(Recorded data begins)

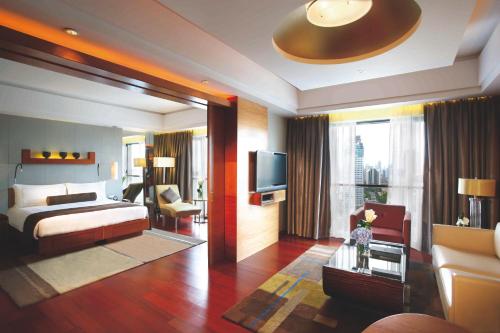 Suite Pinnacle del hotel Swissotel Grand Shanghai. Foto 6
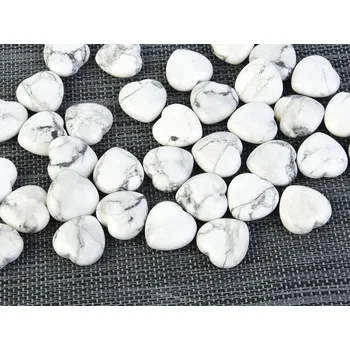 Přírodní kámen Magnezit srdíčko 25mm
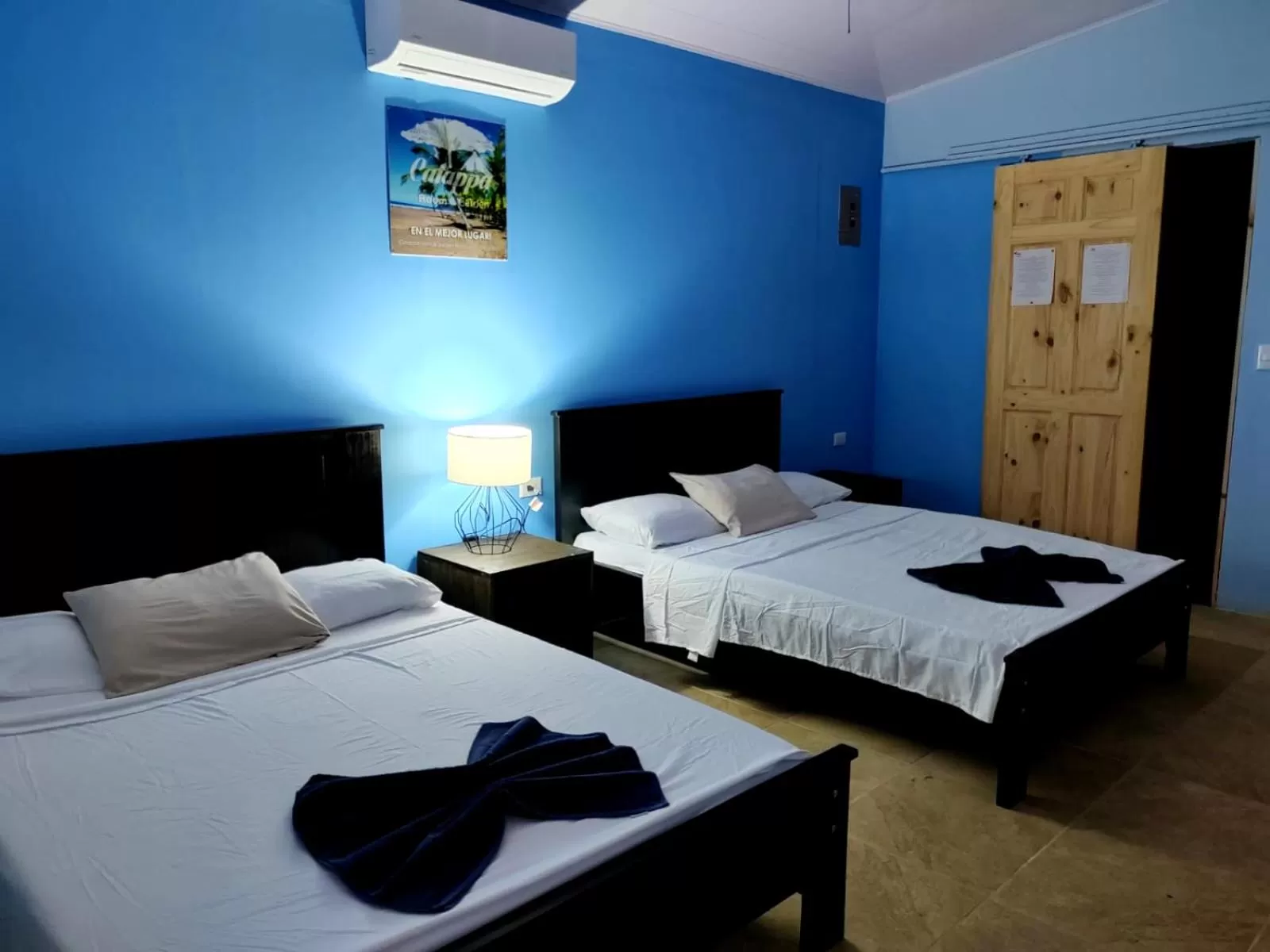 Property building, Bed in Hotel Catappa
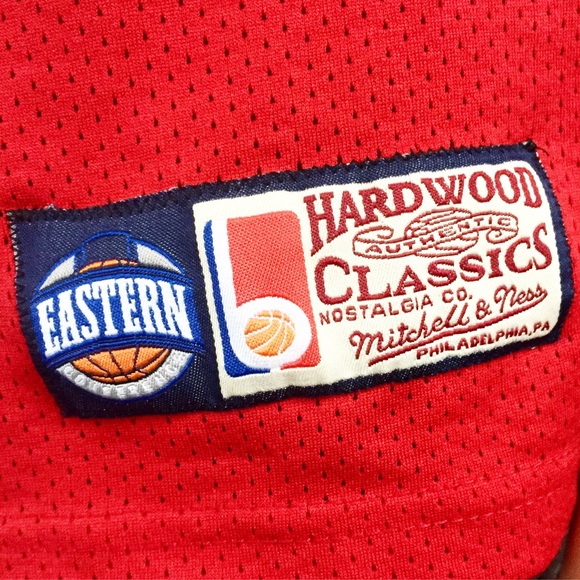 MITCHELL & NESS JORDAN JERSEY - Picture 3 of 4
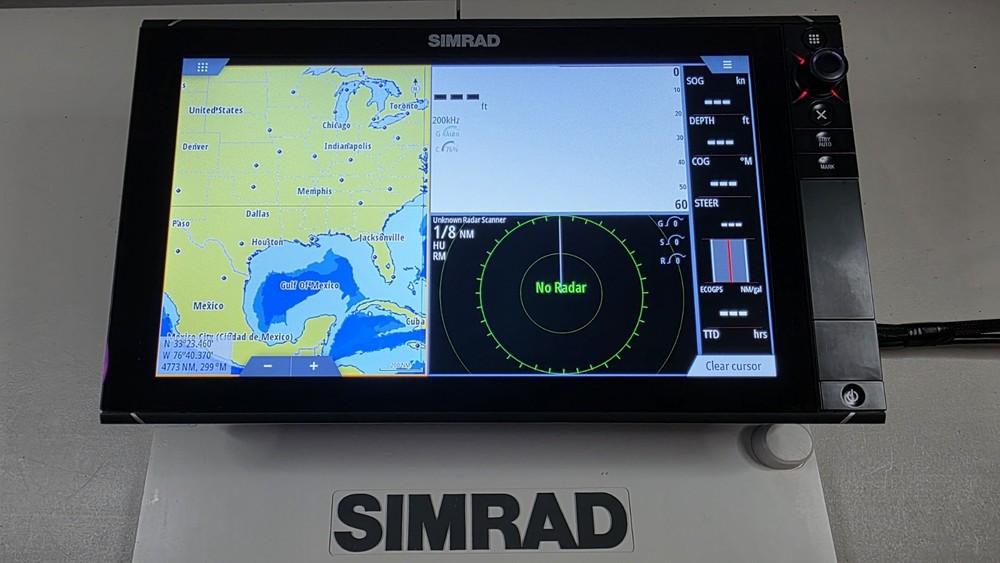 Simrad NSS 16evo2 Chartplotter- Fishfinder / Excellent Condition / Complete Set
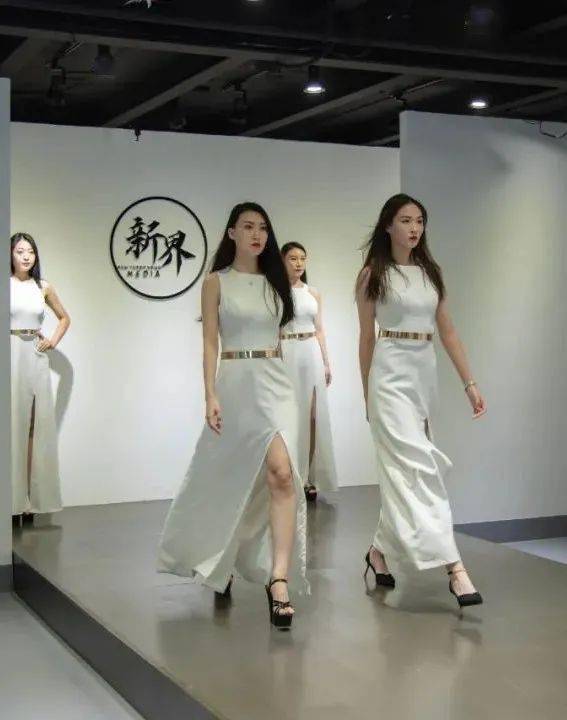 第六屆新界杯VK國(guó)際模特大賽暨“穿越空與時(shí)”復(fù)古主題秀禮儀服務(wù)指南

(Recorded data ends)

What to do: Beginning with the line with "Přírodní kámen Magnezit srdíčko 25mm", repeat the entries above exactly, up to and including the last line, leaving out pictures.

Your solution:
 Přírodní kámen Magnezit srdíčko 25mm
 Property building, Bed in Hotel Catappa
 MITCHELL & NESS JORDAN JERSEY - Picture 3 of 4
 Simrad NSS 16evo2 Chartplotter- Fishfinder / Excellent Condition / Complete Set
 第六屆新界杯VK國(guó)際模特大賽暨“穿越空與時(shí)”復(fù)古主題秀禮儀服務(wù)指南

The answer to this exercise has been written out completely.